Compared with the binary complex, chaperone dissociation and Caf1′ unfolding occurs significantly later in the thermograms for the ternary and quaternary complexes, suggesting a significantly higher stability of Caf1′ in these complexes. This is explained by the presence of a neighbouring Caf1″ fibre module that stabilizes Caf1′ and by the additional interactions between polymeric Caf1 and Caf1M [8]. The total enthalpy of the region of peaks 1 and 2 in the thermograms is a sum of enthalpies of melting of Caf1′ in the complex, the contact between Caf1M and Caf1″, and Caf1M itself. Subtraction of the enthalpy for Caf1M from this value yields the enthalpy of melting of Caf1′ in the ternary complex (including melting of the contact between Caf1M and Caf1″), which is estimated at 505±35 kJ/mol (Tm=54 °C). This is larger then the enthalpy of melting of Caf1′ in the binary complex (∼445 kJ/mol), but again smaller than the enthalpy of melting of Caf1″ (∼545 kJ/mol) at this temperature. The difference between the enthalpies of melting of Caf1′ and Caf1″ in the ternary complex is expected to be higher at physiological temperatures.
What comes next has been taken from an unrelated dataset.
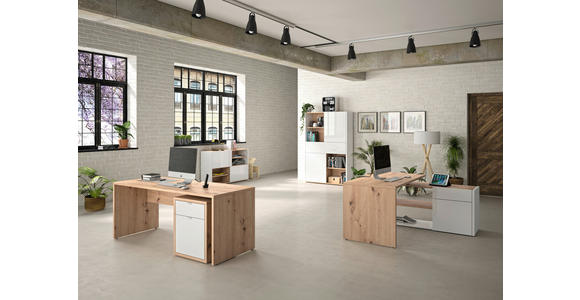 SCHREIBTISCH 180/69/74 cm  in Eiche Artisan  - Eiche Artisan, Design, Holzwerkstoff (180/69/74cm) - Carryhome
Melting of the A9R ternary complex (Figure 5) also results in three peaks in the excess heat capacity curve, with maxima at approx. 55 °C, 63 °C and 65–70 °C. The first two transitions, corresponding to melting of Caf1′ and of Caf1M respectively, occur at the same temperature and with essentially the same enthalpy as in the WT ternary complex. However, the third transition (evident as a shoulder on the curve), corresponding to melting of the fibre module, occurs at a dramatically lower temperature and with much less release of heat than observed for the WT fibre module. This result confirms that blocking of subunit collapse by insertion of a large non-native donor side chain in the acceptor cleft significantly destabilizes the donor-strand-complemented module and explains the poor assembly efficiency of A9R Caf1.
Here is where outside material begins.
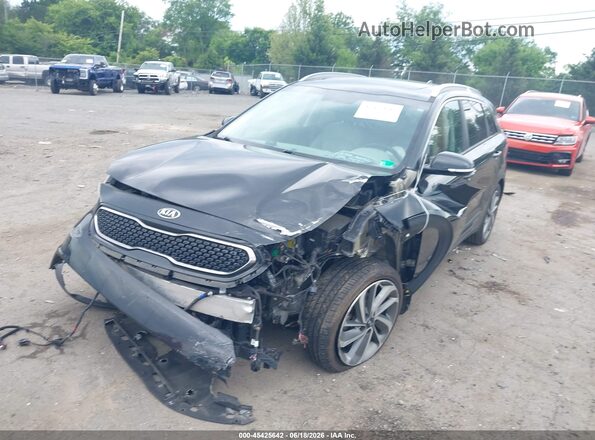 KNDCE3LCXH5059044 2017 KIA NIRO Black Առջևի ձախ երեք քառորդ տեսարան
Caf1-SC folds into a highly stable monomeric structure

Although the minimal fibre is a simple and reliable model for the study of fibre assembly, quantitative biophysical characterization using this construct is still problematic. In search for a simpler model, a circularly permuted self-complemented subunit [29,30] (Caf1-SC) was constructed. Caf1-SC contains the donor sequence fused at the C-terminus, rather than at the N-terminus, which allows insertion of this self-complementing Gd strand in the acceptor cleft, restoring a classical Ig-fold [29,30]. Thus a single-chain fibre module was obtained, for which both unfolding and folding are first-order processes, making it easier to investigate. The donor sequence was linked to the C-terminus via a Asn-Gly duplet in order to optimize the β-turn between the F1 and G1 strands, creating the C-terminal sequence QNGADLTASTTATATLVE. A His6 tag replaced the native N-terminal Gd extension, allowing purification of the subunit from the periplasm.
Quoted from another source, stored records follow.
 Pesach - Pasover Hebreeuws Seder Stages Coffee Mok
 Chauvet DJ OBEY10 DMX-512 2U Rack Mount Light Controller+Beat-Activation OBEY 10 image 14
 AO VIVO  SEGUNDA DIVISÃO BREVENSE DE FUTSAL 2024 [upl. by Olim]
Caf1-SC accumulates as a monomer according to analysis by analytical gel filtration and glutaraldehyde cross-linking (Figure 6a). Caf1-SC displays a far-UV CD spectrum similar to that of F1 surface fibres [31], but with a higher intensity at the minimum (−2000 deg·cm2·dmol−1 at 208–209 nm), which makes it more ‘typical’ for β-structural proteins (Figures 6b and 6d). The spectrum becomes gradually more negative with heating up to 75–80 °C (Figures 6b and 6c). Further heating (80–90 °C) induces a sharp change with maximum amplitudes at 217–224 nm and below 210 nm, reflecting protein denaturation. The transition is basically reversible as judged by essential recovery of the native spectrum after cooling of samples. Two-state model analysis of the transition as monitored by the ellipticity at 220 nm reveals a Tm of 85.5 °C and a van't Hoff enthalpy, ΔHvH, of 810±60 kJ/mol (Figure 6c, inset).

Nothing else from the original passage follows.